Oxygen delivery-utilization mismatch in contracting locomotor muscle in COPD: peripheral factors.

Abstract

Central cardiorespiratory and gas exchange limitations imposed by chronic obstructive pulmonary disease (COPD) impair ambulatory skeletal muscle oxygenation during whole body exercise. This investigation tested the hypothesis that peripheral factors per se contribute to impaired contracting lower limb muscle oxygenation in COPD patients. Submaximal neuromuscular electrical stimulation (NMES; 30, 40, and 50 mA at 50 Hz) of the quadriceps femoris was employed to evaluate contracting skeletal muscle oxygenation while minimizing the influence of COPD-related central cardiorespiratory constraints. Fractional O₂ extraction was estimated by near-infrared spectroscopy (deoxyhemoglobin/myoglobin concentration; deoxy-[Hb/Mb]), and torque output was measured by isokinetic dynamometry in 15 nonhypoxemic patients with moderate-to-severe COPD (SpO2 = 94 ± 2%; FEV₁ = 46.4 ± 10.1%; GOLD II and III) and in 10 age- and gender-matched sedentary controls. COPD patients had lower leg muscle mass than controls (LMM = 8.0 ± 0.7 kg vs. 8.9 ± 1.0 kg, respectively; P < 0.05) and produced relatively lower absolute and LMM-normalized torque across the range of NMES intensities (P < 0.05 for all). Despite producing less torque, COPD patients had similar deoxy-[Hb/Mb] amplitudes at 30 and 40 mA (P > 0.05 for both) and higher deoxy-[Hb/Mb] amplitude at 50 mA (P < 0.05).

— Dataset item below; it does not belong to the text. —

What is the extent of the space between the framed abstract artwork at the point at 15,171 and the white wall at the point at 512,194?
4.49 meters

Further analysis indicated that COPD patients required greater fractional O₂ extraction to produce torque (i.e., ↑Δdeoxy-[Hb/Mb]/torque) relative to controls (P < 0.05 for 40 and 50 mA) and as a function of NMES intensity (P < 0.05 for all). The present data obtained during submaximal NMES of small muscle mass indicate that peripheral abnormalities contribute mechanistically to impaired contracting skeletal muscle oxygenation in nonhypoxemic, moderate-to-severe COPD patients.